Bragg, Politico’s headline reads, is a “by-the-book” litigator with little appetite for theatrics. Indeed, America is about to be treated to a lesson in contrasts as “the low-key, politics-averse prosecutor prepares to take on the brash, mudslinging former president.”

Typically, no-nonsense “by-the-book” types tend not to make their first order of business rewriting that same book. In what Bragg retailed as his “Day One Policies and Procedures” memo, the prosecutor sought to revise the city’s criminal code. In the future, his office would decline to prosecute marginal infractions like resisting arrest, and he sought to reduce other disturbances of the peace including armed robbery to misdemeanor charges. But for a pronounced public outcry against his preferences, Bragg might have pursued these reforms, doubtlessly contributing to criminality that already plagues New York City.

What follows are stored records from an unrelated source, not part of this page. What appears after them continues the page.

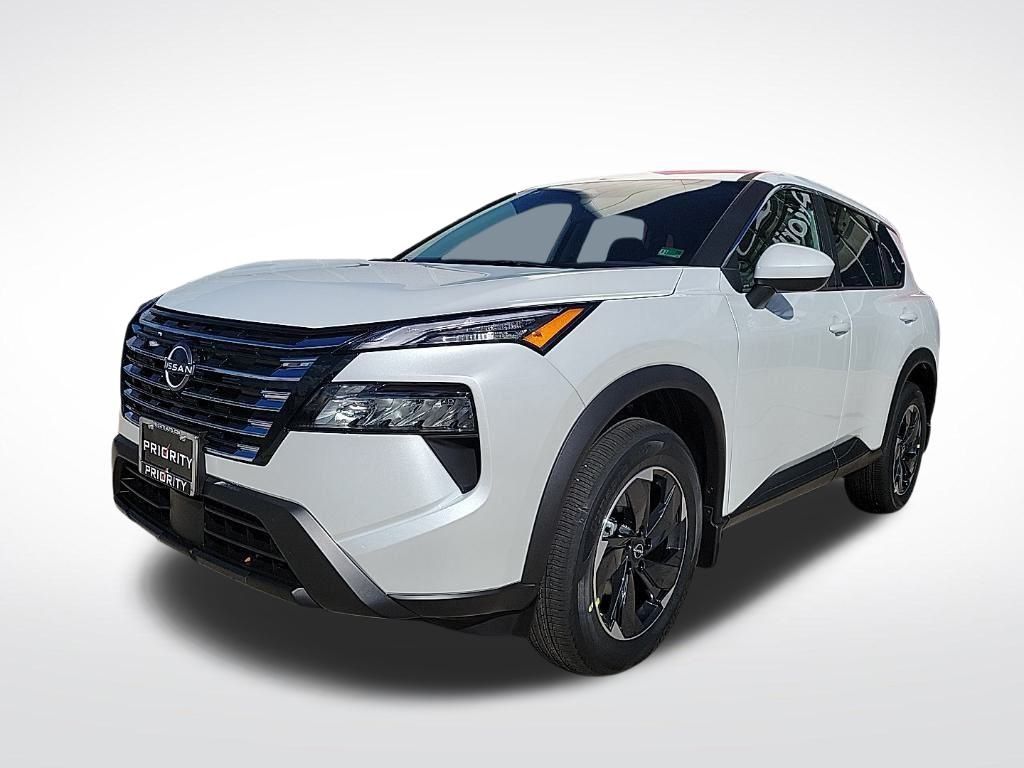 Thumbnail: 2026 Nissan Rogue - 1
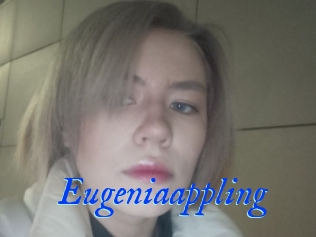 Eugeniaappling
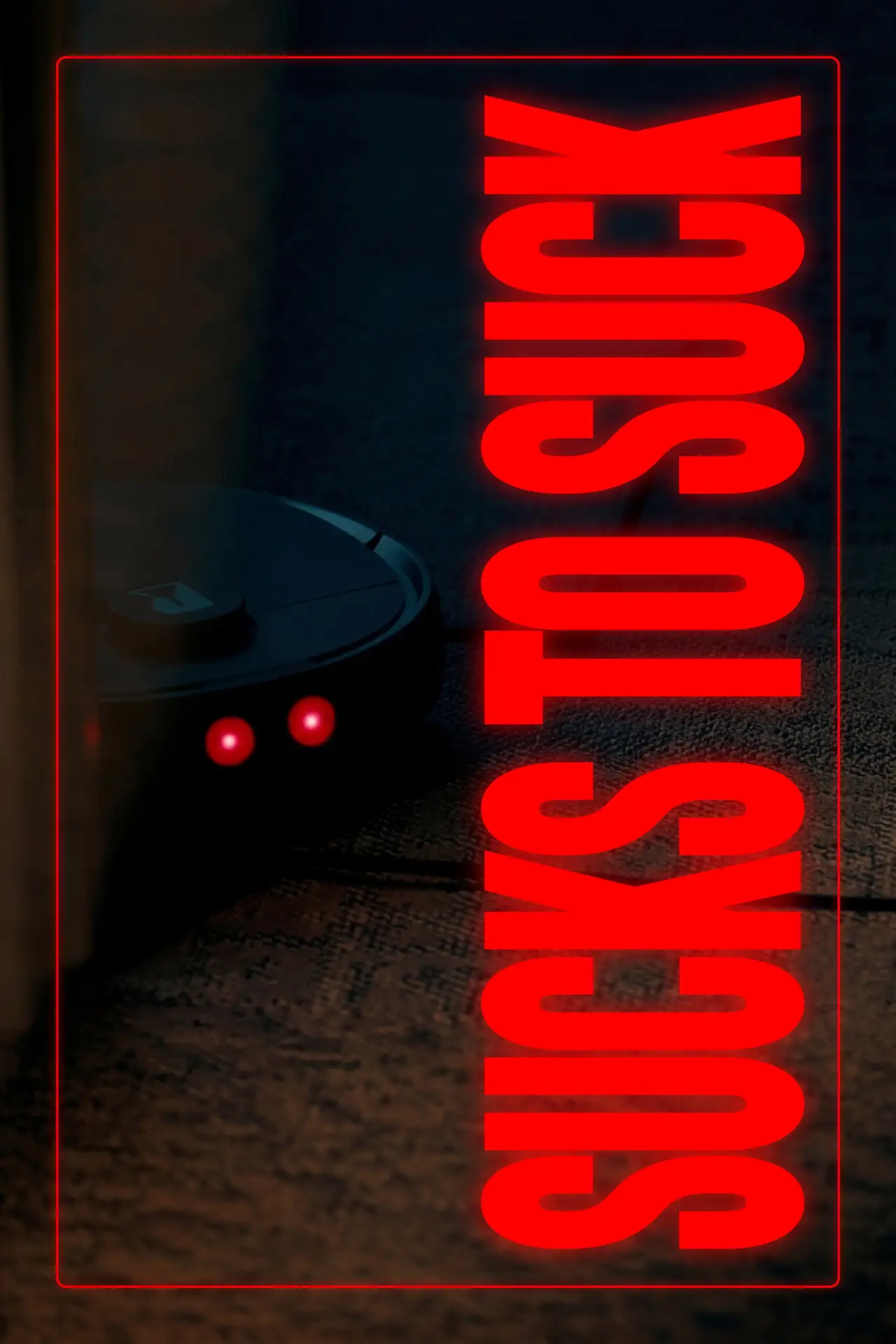 Постер к фильму "Sucks to Suck"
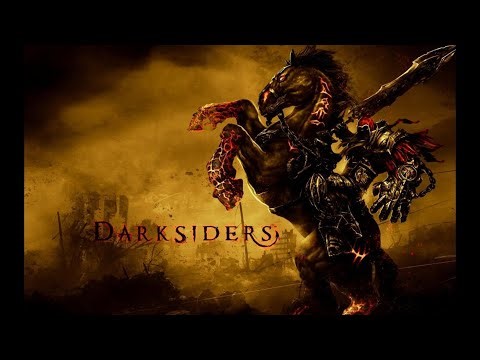 Darksiders - 30 - Non Osavamo...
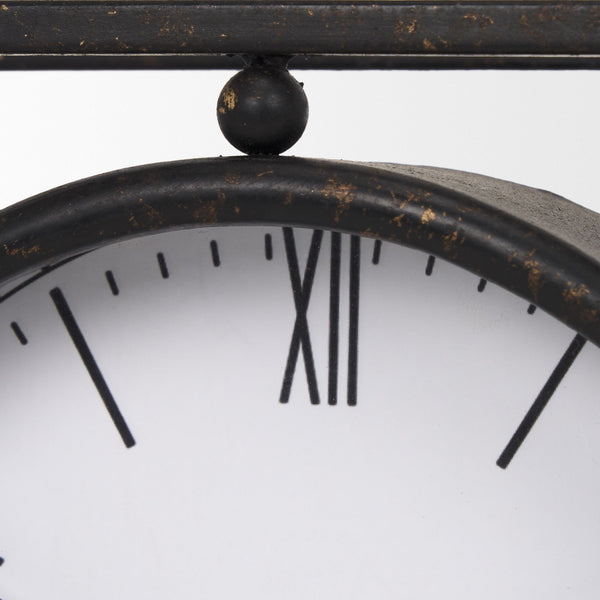 Raisa Table Clock Mercana Mer 70690 7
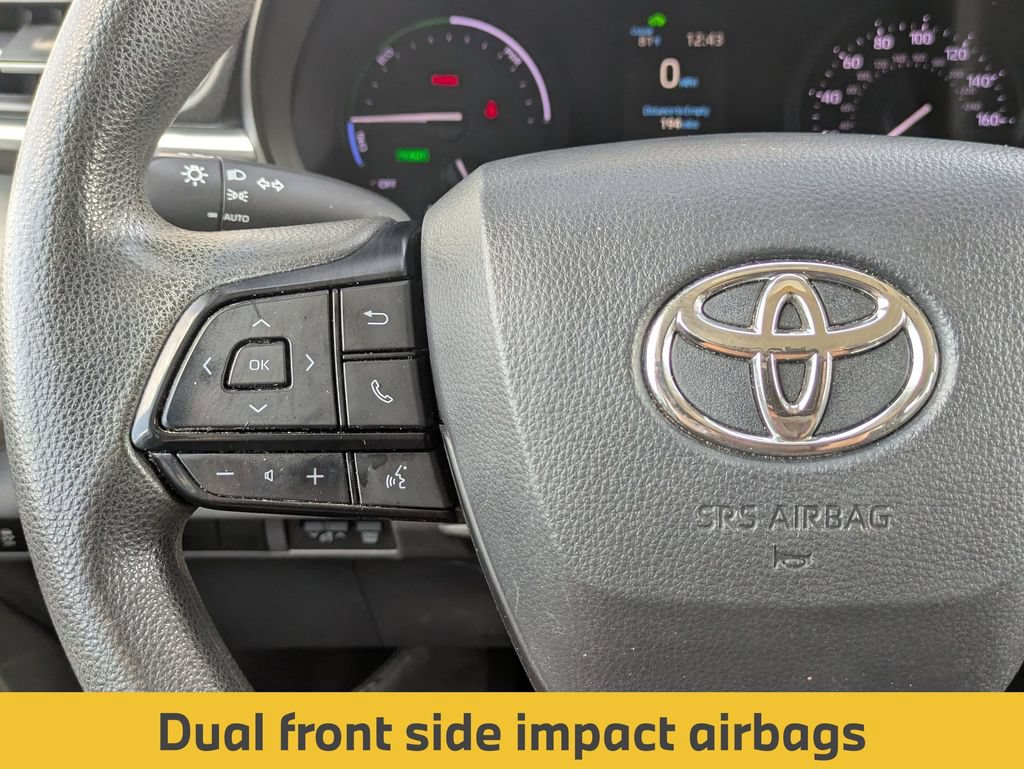 Used 2022 Toyota Sienna LE FWD image 19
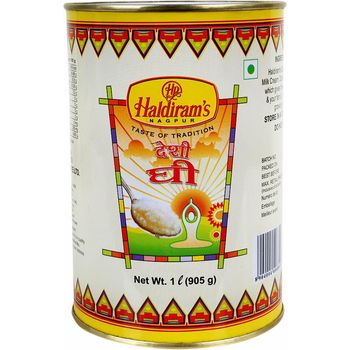 Haldiram's Ghee 1l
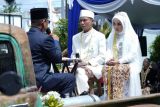 BKKBN memastikan persyaratan calon pengantin nikah bareng terpenuhi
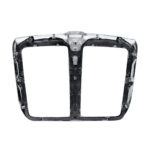 Chrome Grille With Inner Mounting Frame For 2013-2021 Kenworth T680 - Image 3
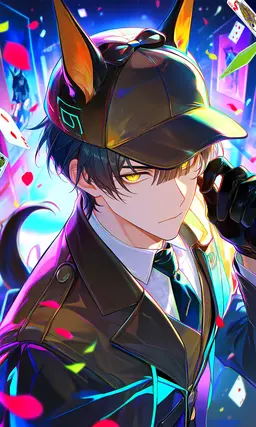 Profile image of 로이드
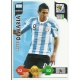 Angel Di Maria Argentina 19 Adrenalyn XL South Africa 2010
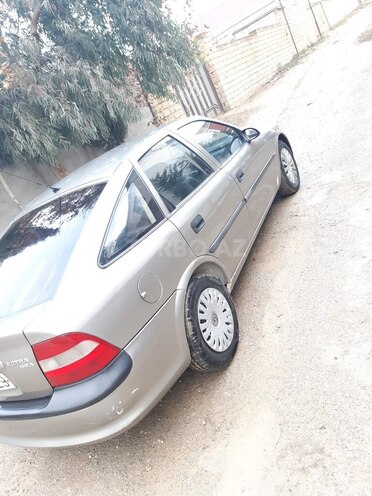 Opel Vectra 1996, 358,000 km - 2.0 l - Bakı
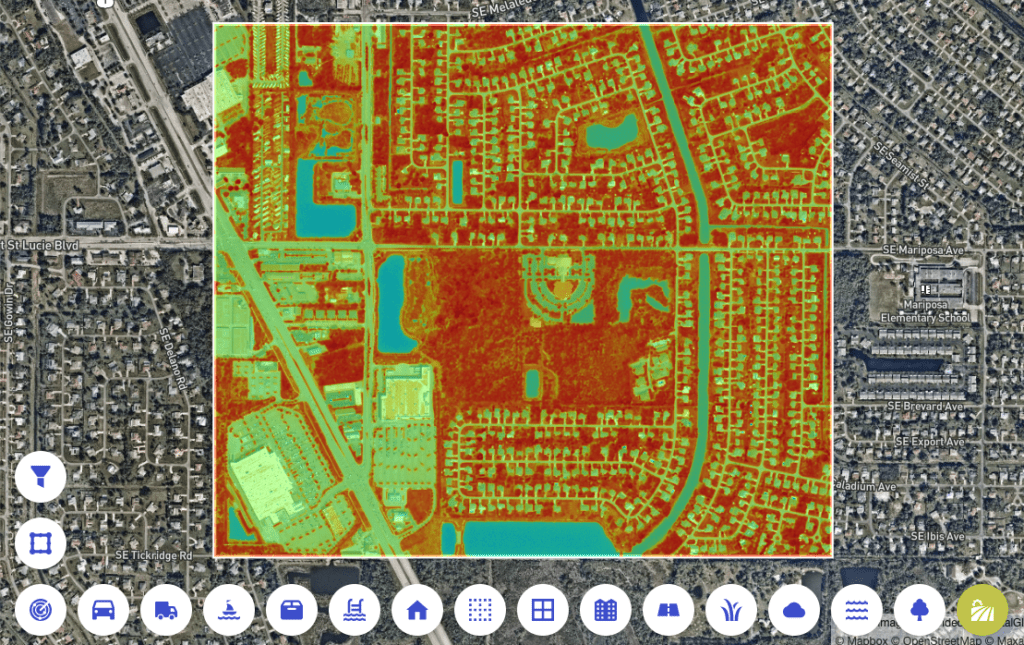 Satellites, AI & Urbanization A Modern Approach To Urban Planning and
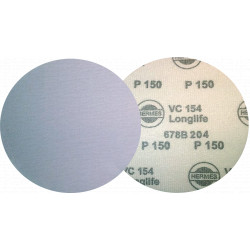 Sanding Discs - 5" NH - Aluminum Oxide / VC 154 Series *LONGLIFE™
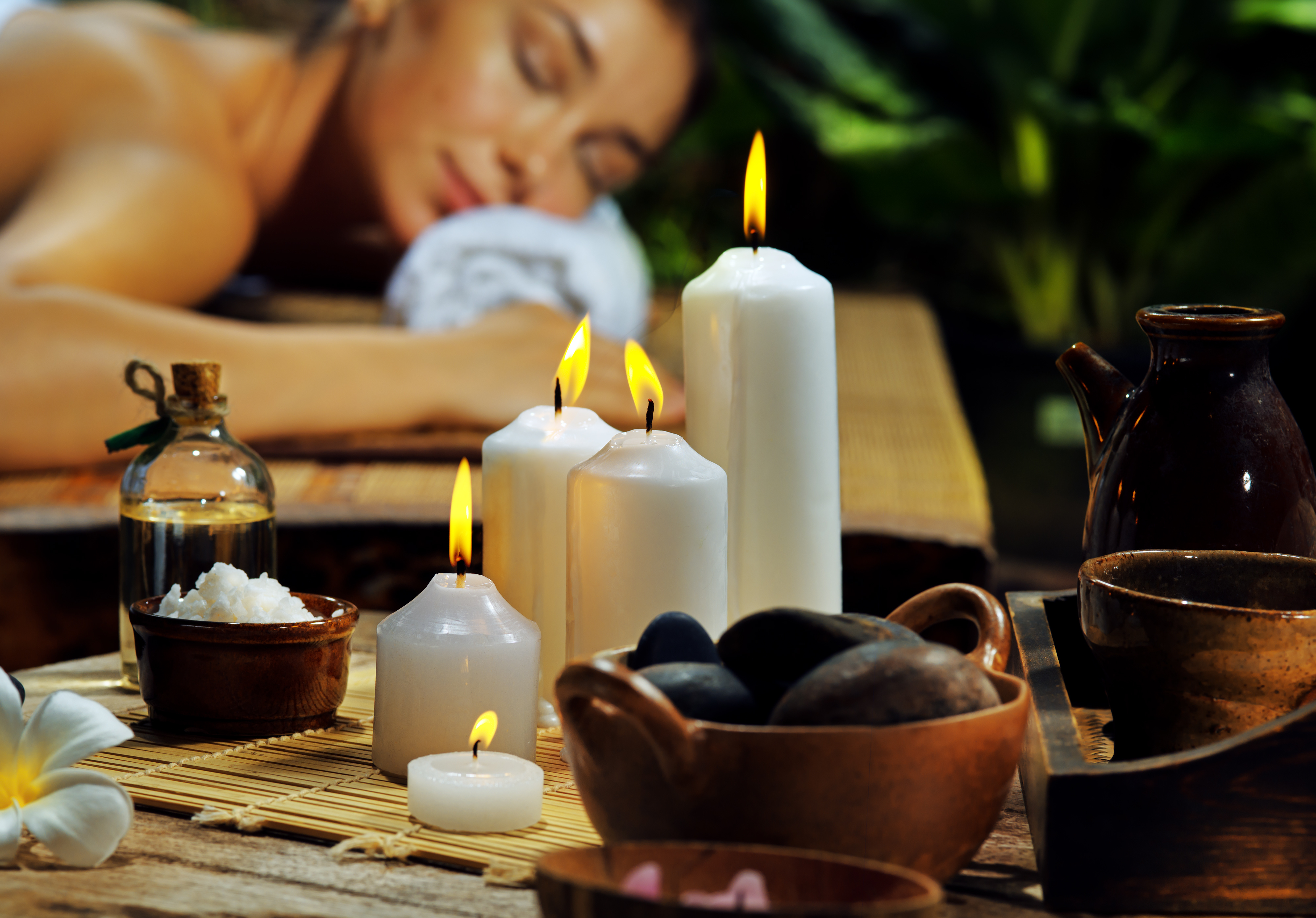 Spa & Wellness 3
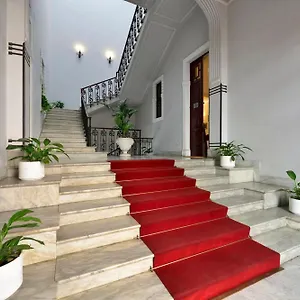  Panzió A Casa Di Laura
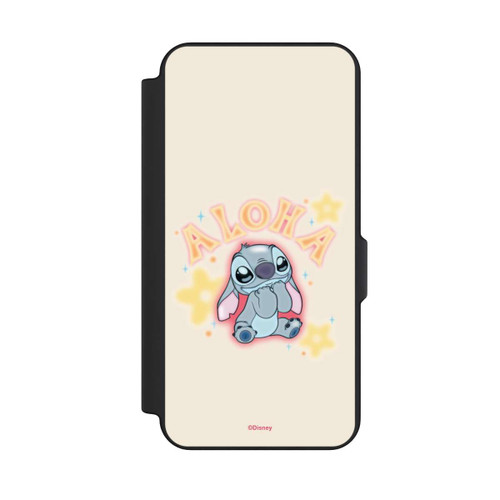 Samsung Galaxy S25 FE NIVOflip Aloha Stitch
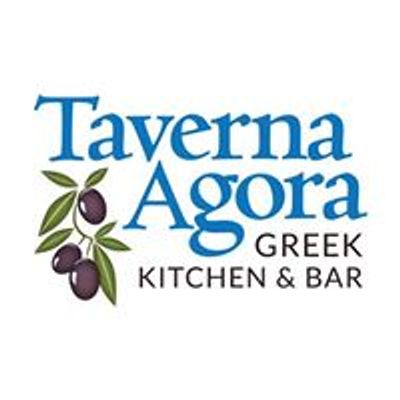 Taverna Agora Greek Kitchen & Bar
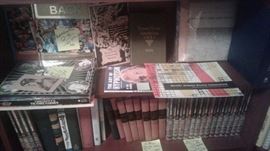 Ephemera, local and some a bit odd...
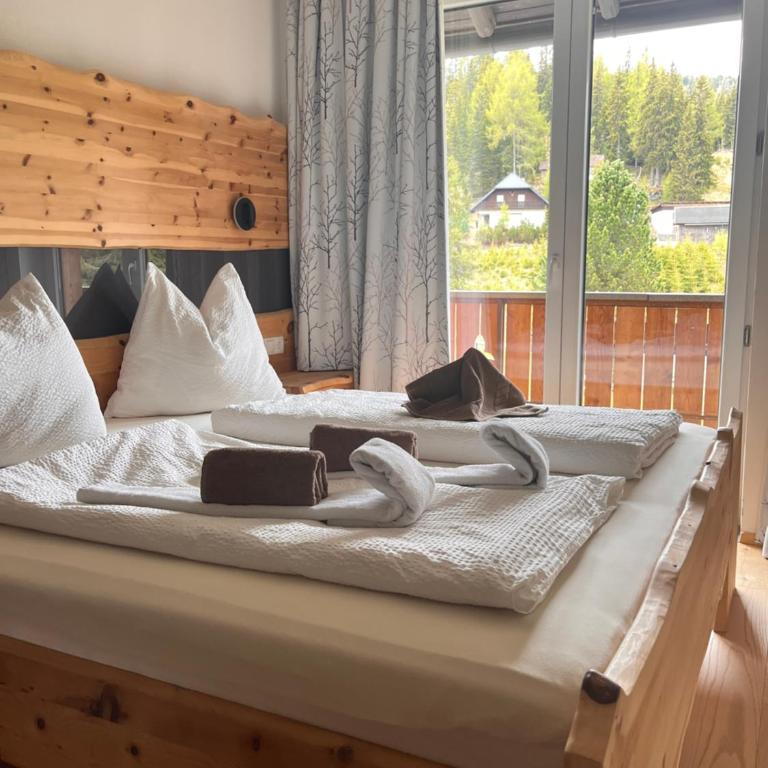 Alpengasthof Krische - Appartements - Appartement 2 Chambres - 5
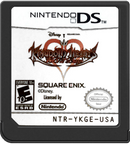 Kingdom Hearts: 358/2 Days Nintendo DS
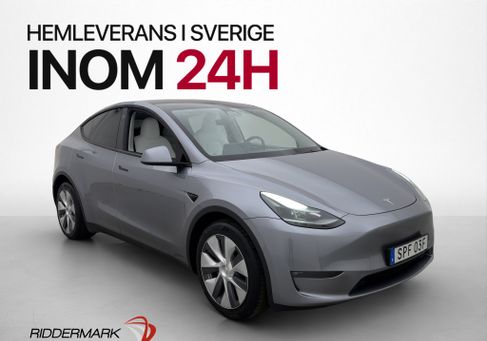 Tesla Model Y, 2023 3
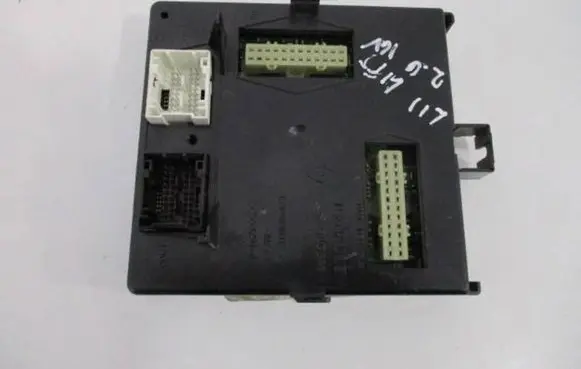 Renault Laguna II Comfort/convenience module 8200518947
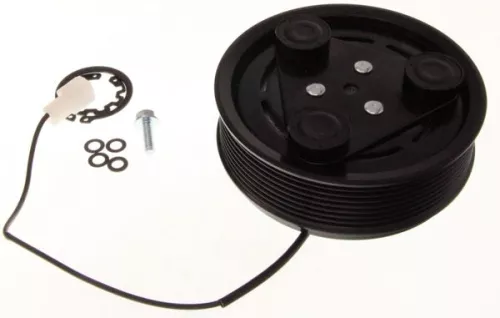 MAXGEAR Magnetic Clutch, air conditioning compressor (AC130033)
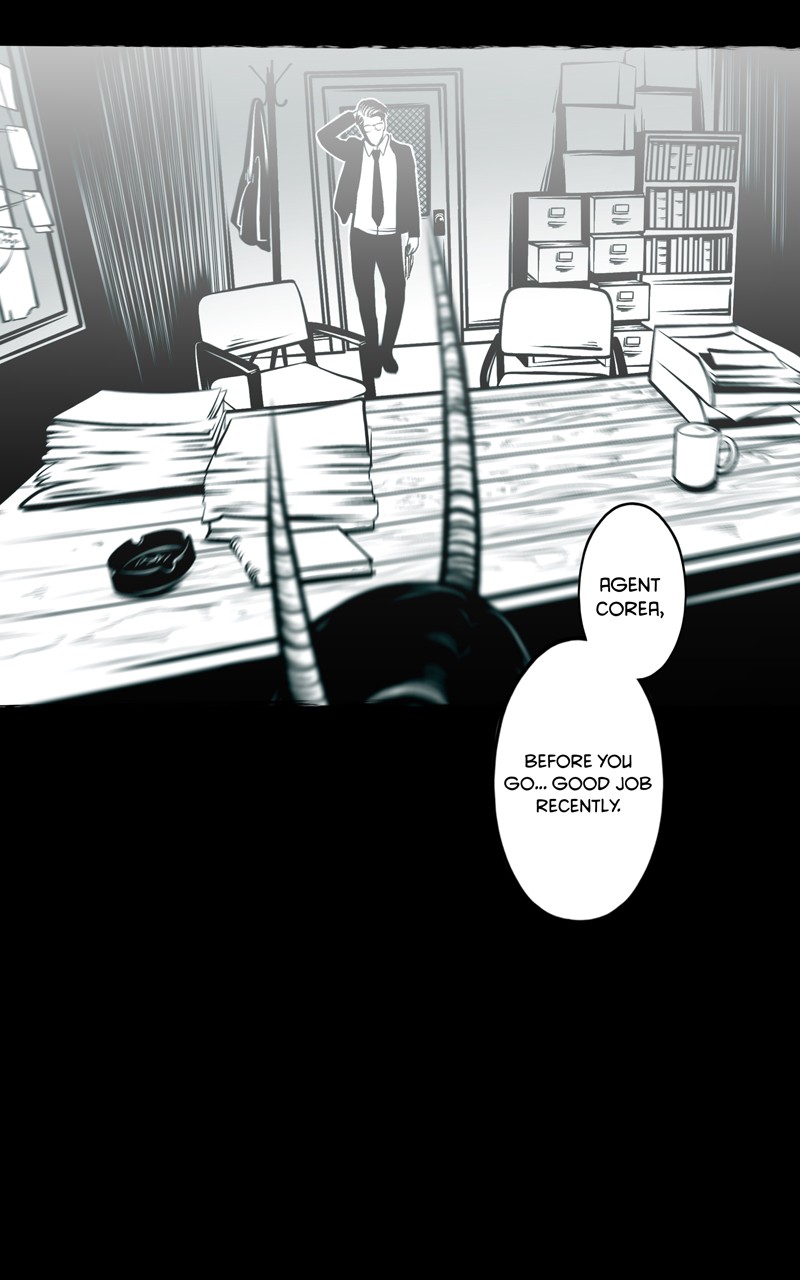 The Devil is a Handsome Man Chapter 45 page 6 - Chapter 45: Episode 44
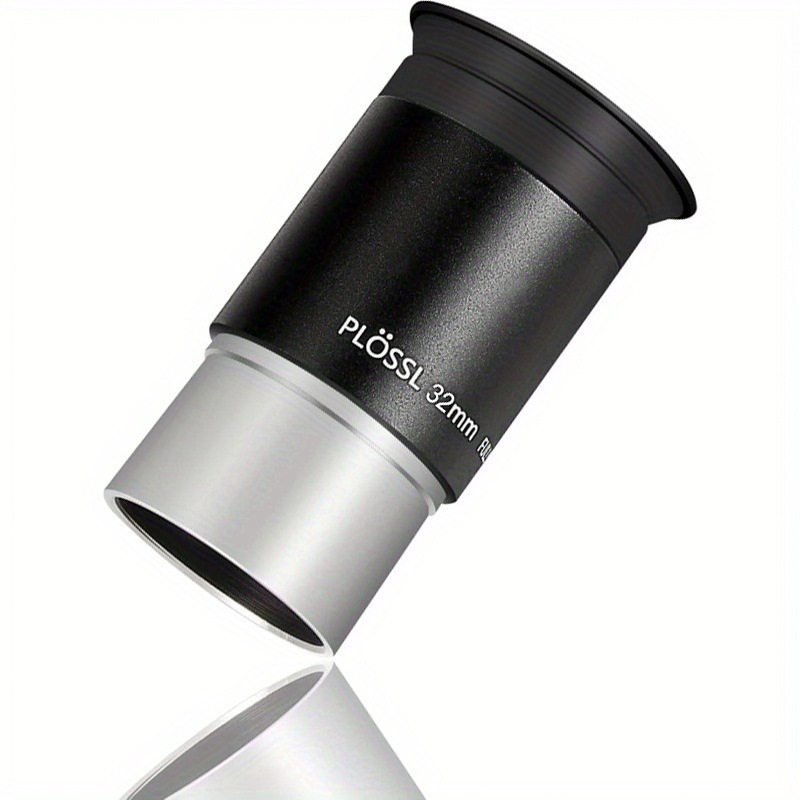 天文配件天文望远镜PL32mm目镜专业高倍1.25英寸高清深空观星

Likewise, we might expect a no-nonsense prosecutor to try out what arch-conservative venues such as NPR and the New York Times charitably describes as a “novel” legal theory on a target of more modest stature than a former American president. The prosecution of a former president is itself uncharted waters, but that condition is compounded by applying a legal theory that lacks precedent to what is already an unprecedented event.

If Bragg loitered above the progressive political fray, as Orden insists, he might not have retailed his intention to do precisely what he’s doing to Trump during his political campaign for the office he presently occupies.

“Mr. Bragg said repeatedly during the campaign that he had sued Mr. Trump or his administration more than 100 times during his tenure at the attorney general’s office,” the Times wrote of this “potential Trump scourge” upon his ascension to office. When Bragg’s opponent conceded, the Associated Press led with speculation about how he would handle “the investigation of former President Donald Trump,” which Bragg’s predecessor declined to prosecute. Why? Because Bragg suggested on the campaign trail that his predecessor had dropped the ball. “This is obviously a consequential case, one that merits the attention of the DA personally,” the prosecutor told a Harlem audience in late 2020. The implication in this statement being that he wouldn’t make the same mistake.

Bragg is taking a lot of flack for mounting what looks to be a quixotic assault on Trump, with potentially disastrous consequences for the country’s politics and the public’s faith in the system’s capacity to mete out fair and impartial justice. It’s unsurprising that those in Bragg’s orbit would want to burnish their principal’s tarnished image. Reporters should not, however, allow themselves to serve as tools in that self-serving initiative.